No matter how many times it has been said, it is an undeniable fact that the COVID-19 pandemic was one that spiralled out of control and brought about not only loss of loved ones, but also an increase in loneliness amongst other things.
A recent analysis found that loneliness was widespread at a problematic level in many countries.
The analysis of evidence from 113 countries and territories during 2000-19 was published in ‘The BMJ’.
The findings identified important data gaps, particularly in low and middle-income countries, and substantial geographical variation in loneliness, with northern European countries consistently showing lower levels compared with other regions.
Existing evidence showed that loneliness not only affected mental health and wellbeing, it was also linked to a range of physical health problems and early death.
A recent estimate by US researchers suggested that one-third of the population in industrialised countries experienced loneliness, and one in 12 people experienced loneliness at a level that can lead to serious health problems. But it was still unclear how widespread loneliness was on a global scale.
So, a team of Australian researchers led by the University of Sydney set out to summarise the prevalence of loneliness globally to help decision-makers gauge the scope and severity of the problem.
They trawled research databases and found 57 observational studies reporting national estimates of loneliness from 113 countries or territories during 2000-19.
Data were available for adolescents (12-17 years) in 77 countries or territories, young adults (18-29 years) in 30 countries, middle-aged adults (30-59 years) in 32 countries, and older adults (60 years or older) in 40 countries.
Data coverage was notably higher in high-income countries (particularly Europe) compared with low and middle-income countries.
Overall, 212 estimates for 106 countries from 24 studies were included in the meta-analysis. For adolescents, pooled prevalence of loneliness ranged from 9.2 per cent in South-East Asia to 14.4 per cent in the Eastern Mediterranean region.
For adults, meta-analysis was conducted for the European region only, and a consistent geographical pattern was found for all age groups.
For example, the lowest prevalence of loneliness was consistently seen in northern European countries (2.9 per cent for young adults; 2.7 per cent for middle-aged adults; and 5.2 per cent, for older adults) and the highest in eastern European countries (7.5 per cent for young adults; 9.6 per cent for middle-aged adults; and 21.3 per cent for older adults).
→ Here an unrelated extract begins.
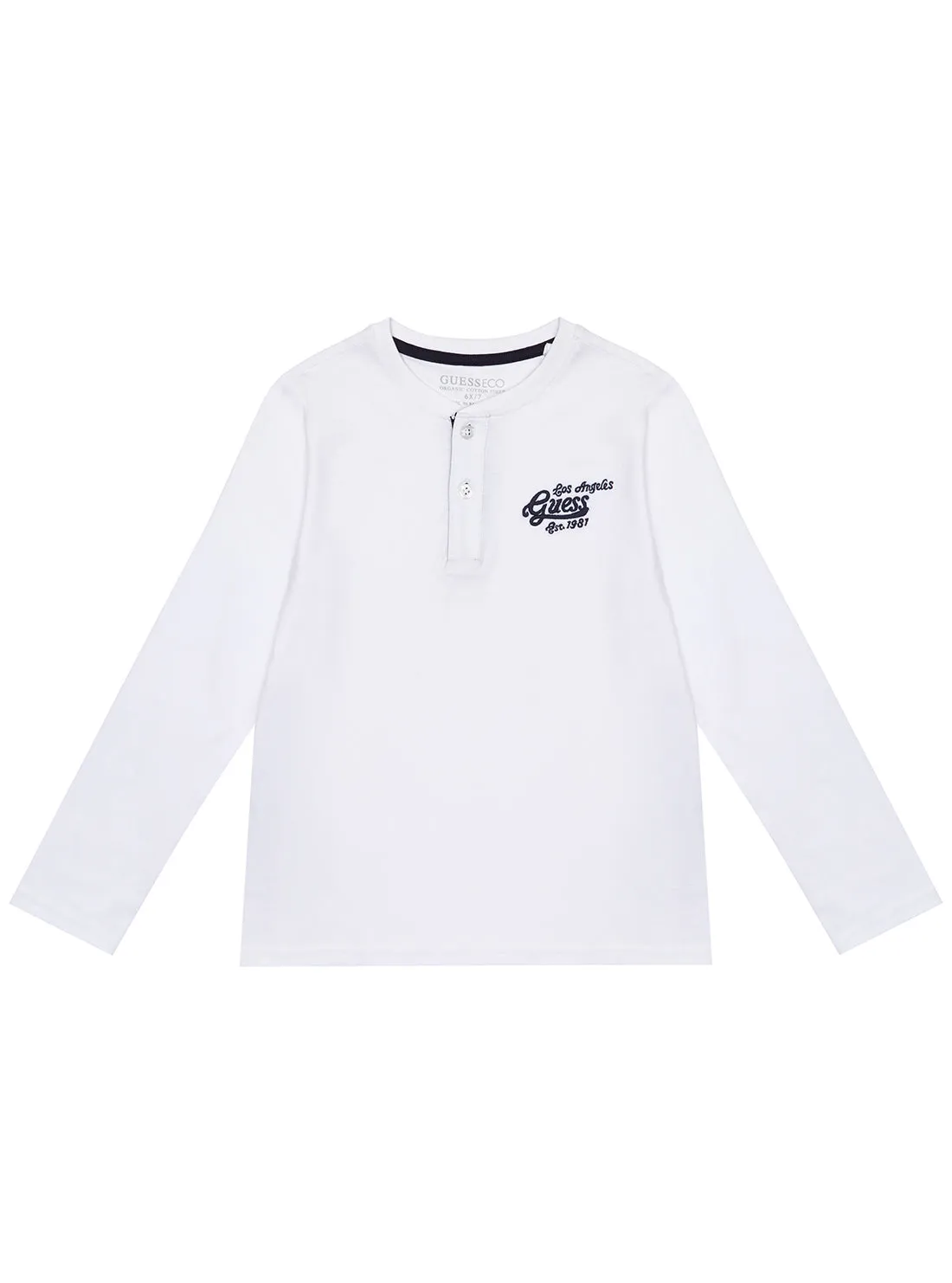 White Henley Long Sleeves T-Shirt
Data were insufficient to make conclusions about trends of loneliness overtime on a global scale, but the researchers point out that even if the problem of loneliness had not worsened during their search period (2000-19), covid-19 might have had a profound impact on loneliness. In this context, they say “our review provides an important pre-pandemic baseline for future surveillance.”They acknowledged that their review was subject to limitations, such as different sampling procedures and measures adopted by studies. And they noted that the data gaps in low and middle-income countries raised an important issue of equity.
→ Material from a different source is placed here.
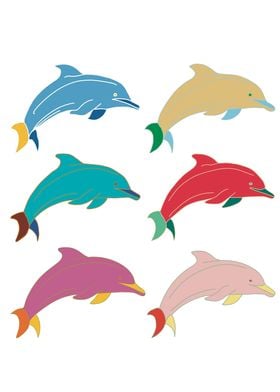 Six Dolphins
However, considering the negative effects of loneliness on health and longevity, the authors said, their findings reinforced the urgency of approaching loneliness as an important public health issue.
“Public health efforts to prevent and reduce loneliness require well-coordinated ongoing surveillance across different life stages and broad geographical areas,” they wrote.
“Sizeable differences in prevalence of loneliness across countries and regions call for in-depth investigation to unpack the drivers of loneliness at systemic levels and to develop interventions to deal with them,” they concluded.
Loneliness is costly to individuals and society and should be a political priority, argued Roger O’Sullivan at the Institute of Public Health in Ireland and colleagues, in a linked editorial.
They pointed out that the pandemic dispelled the myth that loneliness was just an older person’s problem and said public health interventions must now take this into account and take a life course approach.
This meant addressing the social and structural factors that influenced risk of loneliness, including poverty, education, transport, inequalities, and housing – as well as increasing protective measures, such as public awareness campaigns that deal with stigma and stereotypes around loneliness, valuing community involvement and participation.